Material for this task –
━━━━━━━━━━

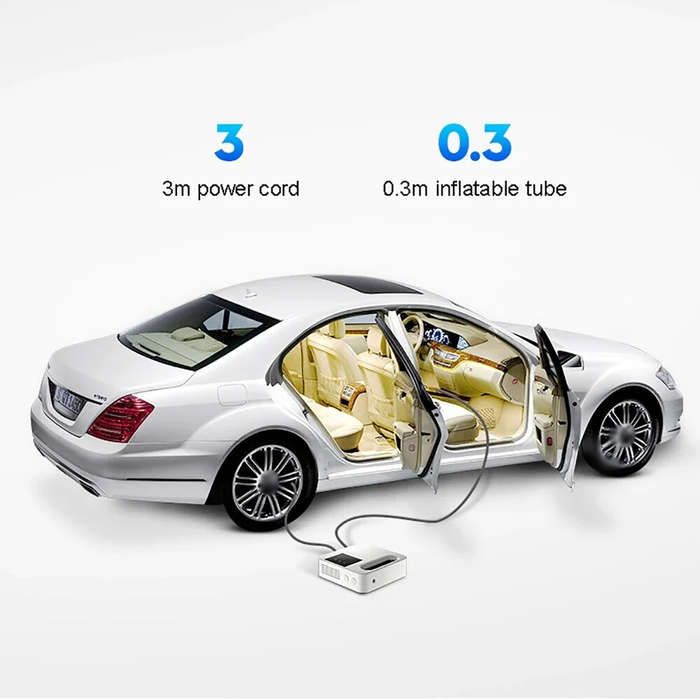 White - 120W 12V Portable Corded Car Air Inflator Pump with LED Lighting Automatic Tire Pumping with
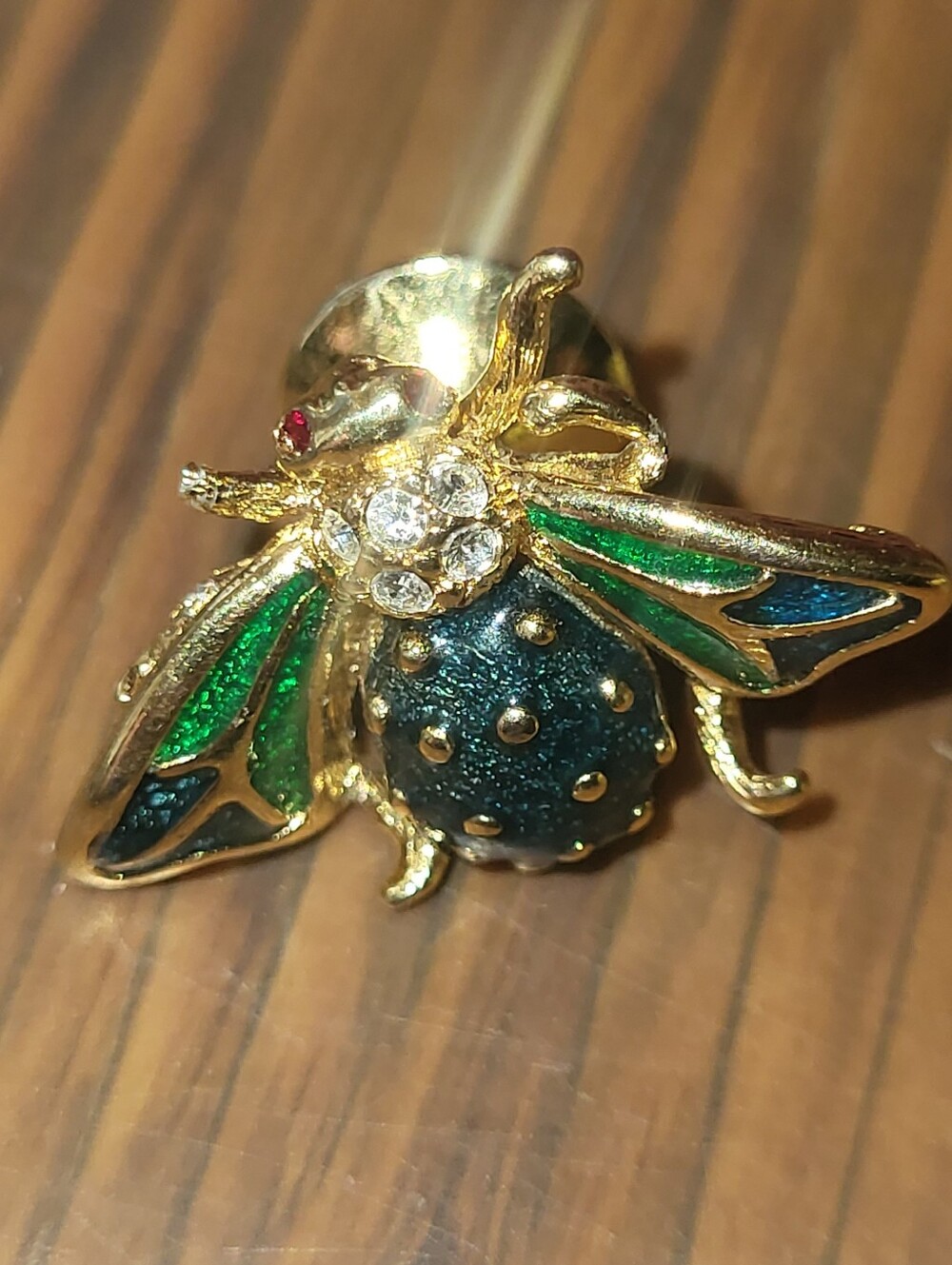 Vintage Enamel Bumblebee Insect Lapel Pin Rhinestone Accent Gold Tone Bug Brooch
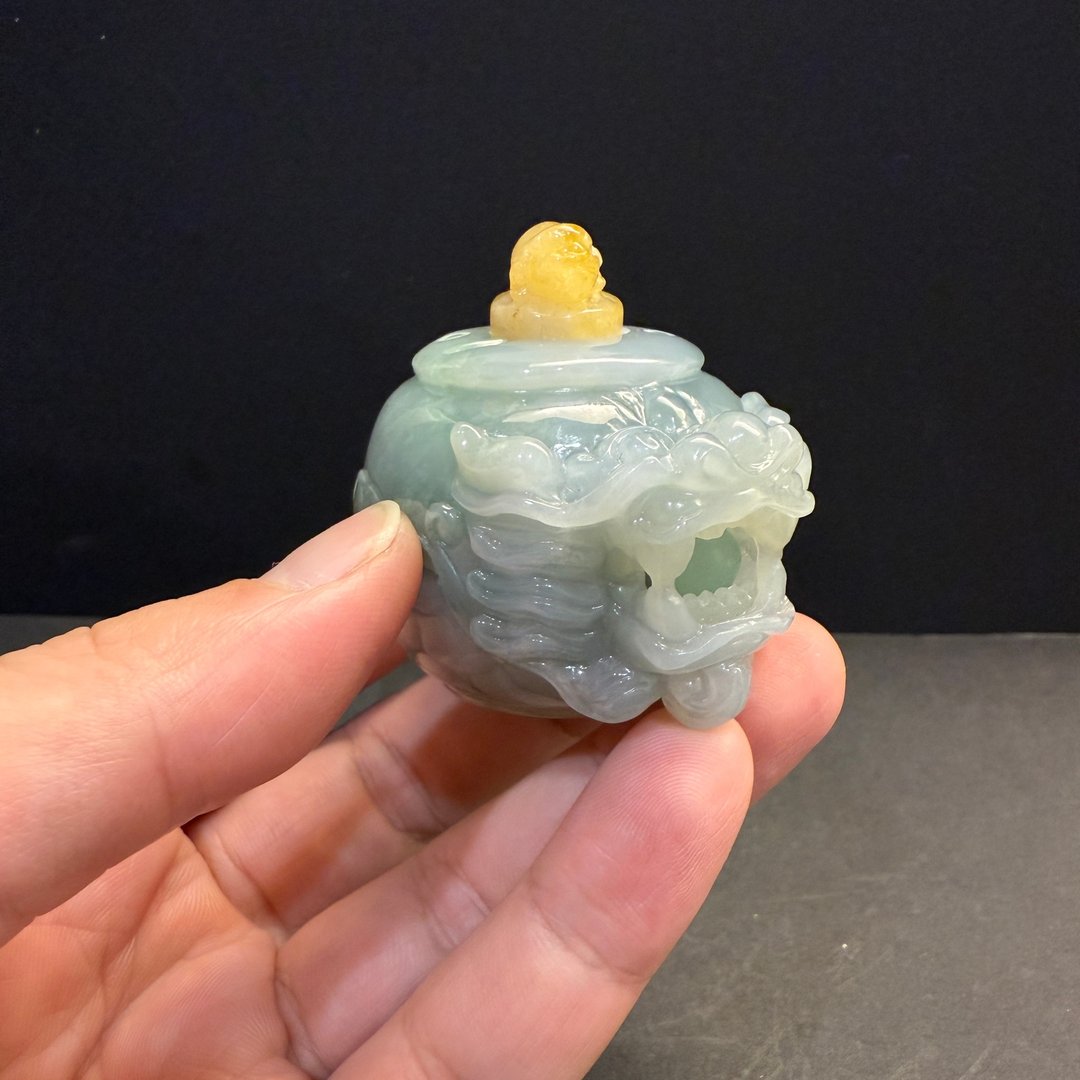 瀚玉珠宝 天然缅甸玉 三彩翡翠 龙头鼻烟壶 - 其他 - 玉石 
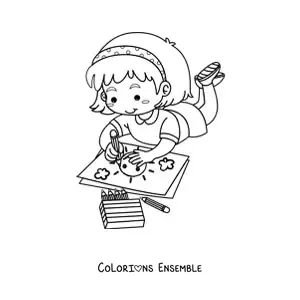 Image à colorier d'une fille qui colorie
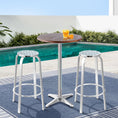 Load image into Gallery viewer, Gardeon Outdoor Bistro Set Bar Table Stools Adjustable Aluminium Cafe 3PC Wood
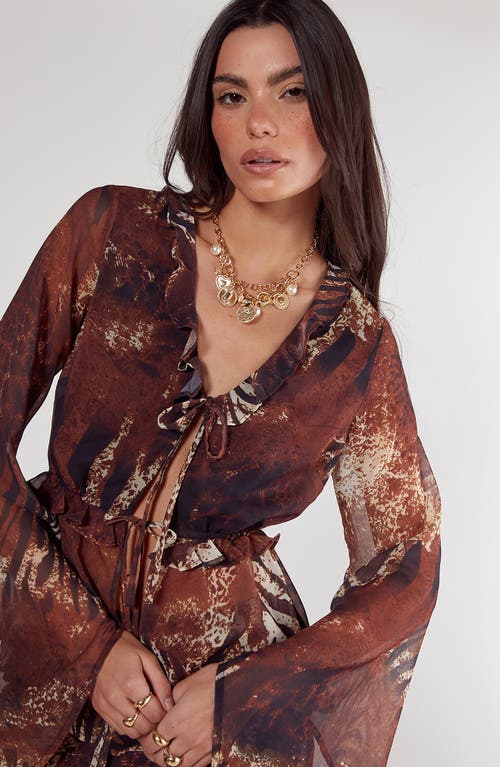 Nasty Gal Animal Print Crinkle Chiffon Top In Brown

━━━━━━━━━━

Assignment –
Could you give back the full listing word for word, leaving out the images?

Final answer –
 White - 120W 12V Portable Corded Car Air Inflator Pump with LED Lighting Automatic Tire Pumping with
 Vintage Enamel Bumblebee Insect Lapel Pin Rhinestone Accent Gold Tone Bug Brooch
 瀚玉珠宝 天然缅甸玉 三彩翡翠 龙头鼻烟壶 - 其他 - 玉石 
 Image à colorier d'une fille qui colorie
 Load image into Gallery viewer, Gardeon Outdoor Bistro Set Bar Table Stools Adjustable Aluminium Cafe 3PC Wood
 Nasty Gal Animal Print Crinkle Chiffon Top In Brown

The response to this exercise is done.